Task to carry out: Line by line, transcribe the data below exactly and pass over the images.

Provided entries:
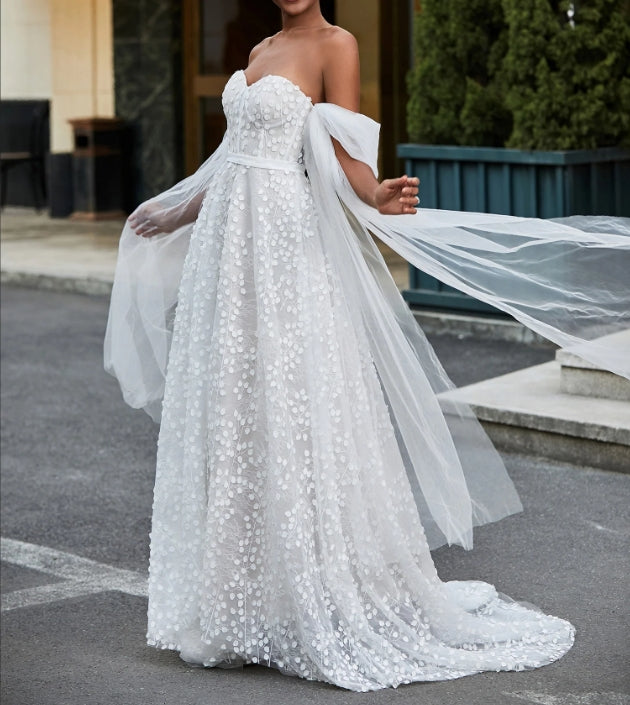 Sweetheart Neckline Sleeveless Lace A-Line Wedding Dress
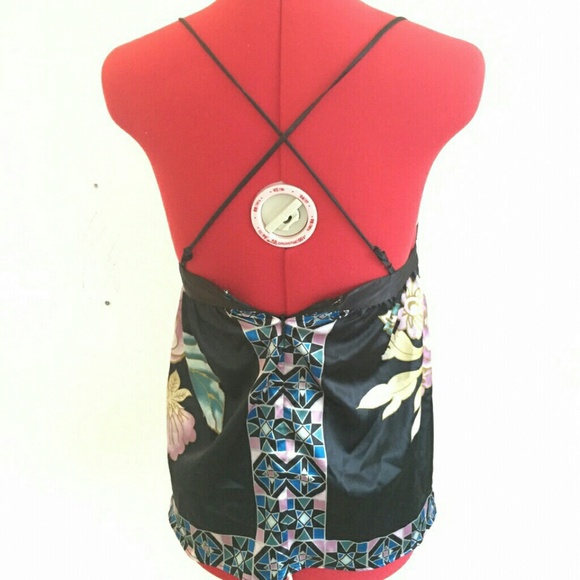 Summer Top - Picture 2 of 2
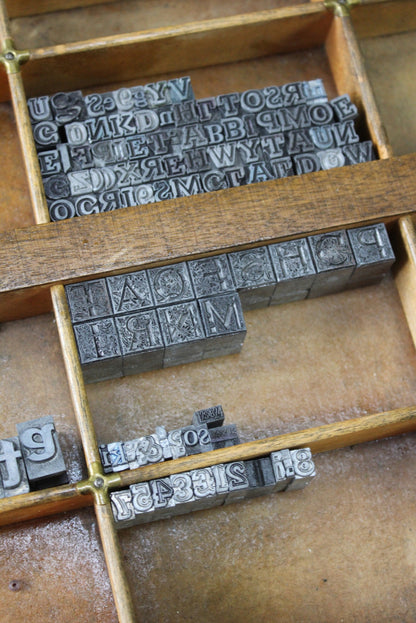 Antique Printers Tray & Letters - Kernow Furniture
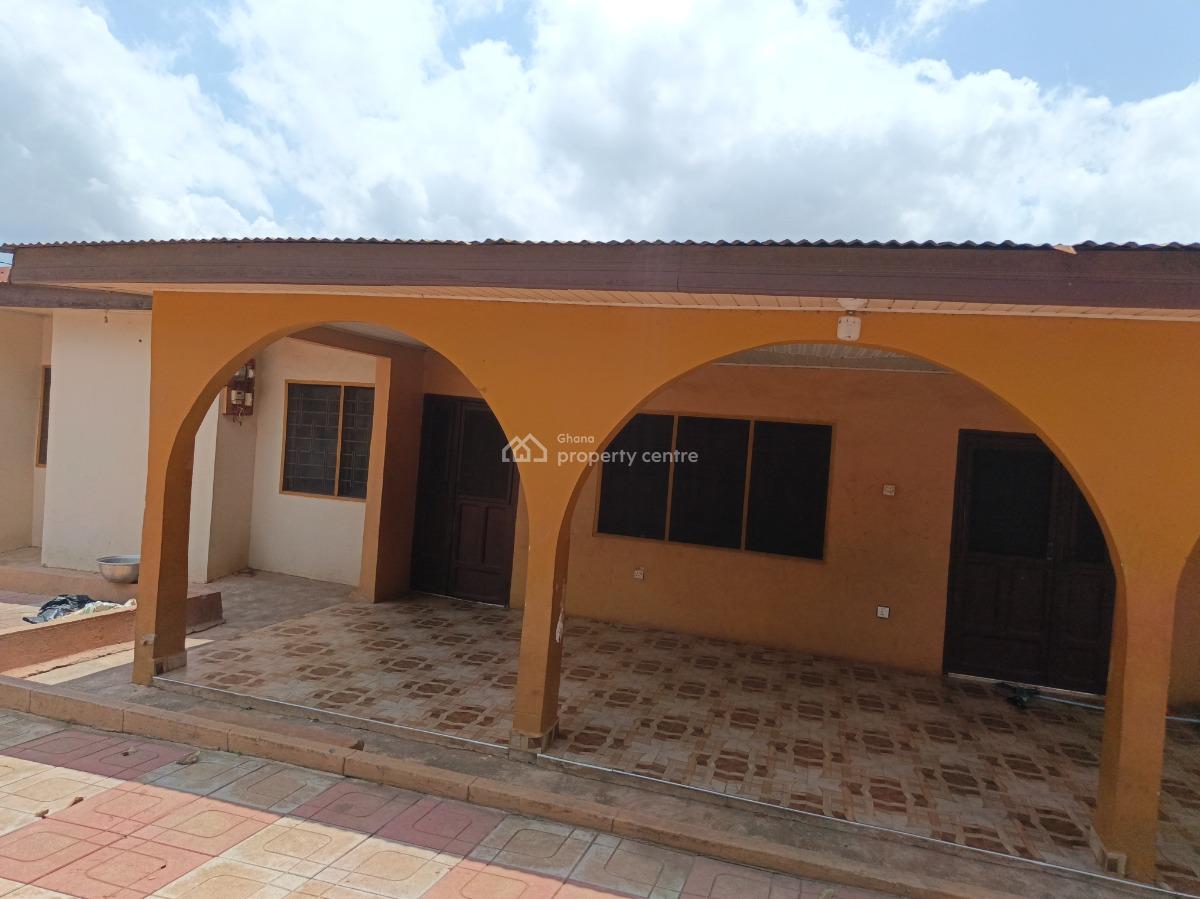4 Bedrooms.   ( 5th House Main Highway Road), Asuofia Kokoben, Near Owhim Amanfrom., Kumasi Metropolitan, Ashanti, House for Sale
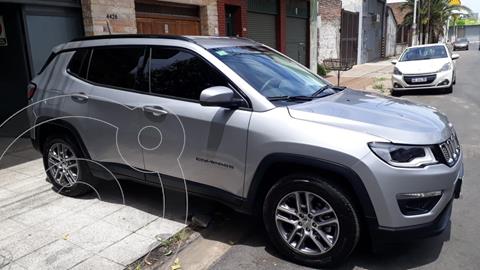 foto Jeep Compass 2.4 4x2 Sport usado (2020) color Gris precio $4.200.000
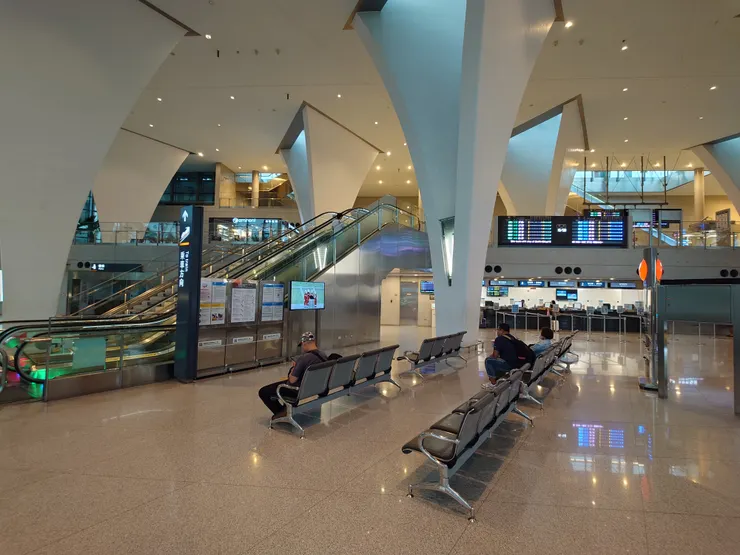 高鐵彰化站，結束三天二夜台南遊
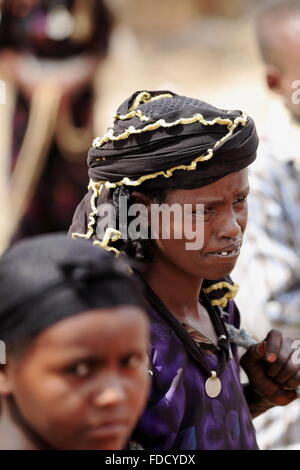 SENBETE, Ethiopie-24 mars : Les femmes du peuple oromo assister le marché du dimanche où l'Amhara afar-oromo-peuples. Banque D'Images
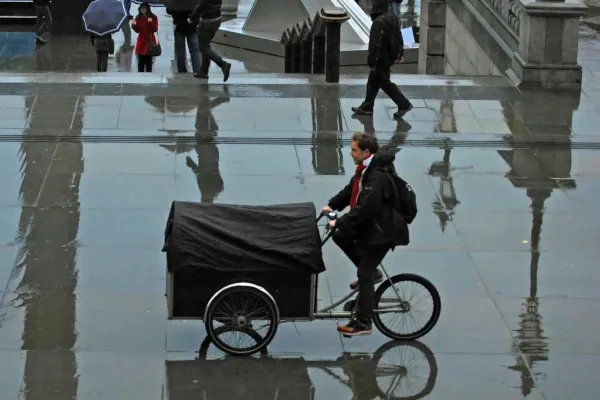 Weekend Weather Patterns Shift as Regional Rainfall Approaches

Written solution:
 Sweetheart Neckline Sleeveless Lace A-Line Wedding Dress
 Summer Top - Picture 2 of 2
 Antique Printers Tray & Letters - Kernow Furniture
4 Bedrooms.   ( 5th House Main Highway Road), Asuofia Kokoben, Near Owhim Amanfrom., Kumasi Metropolitan, Ashanti, House for Sale
 foto Jeep Compass 2.4 4x2 Sport usado (2020) color Gris precio $4.200.000
 高鐵彰化站，結束三天二夜台南遊
 SENBETE, Ethiopie-24 mars : Les femmes du peuple oromo assister le marché du dimanche où l'Amhara afar-oromo-peuples. Banque D'Images
 Weekend Weather Patterns Shift as Regional Rainfall Approaches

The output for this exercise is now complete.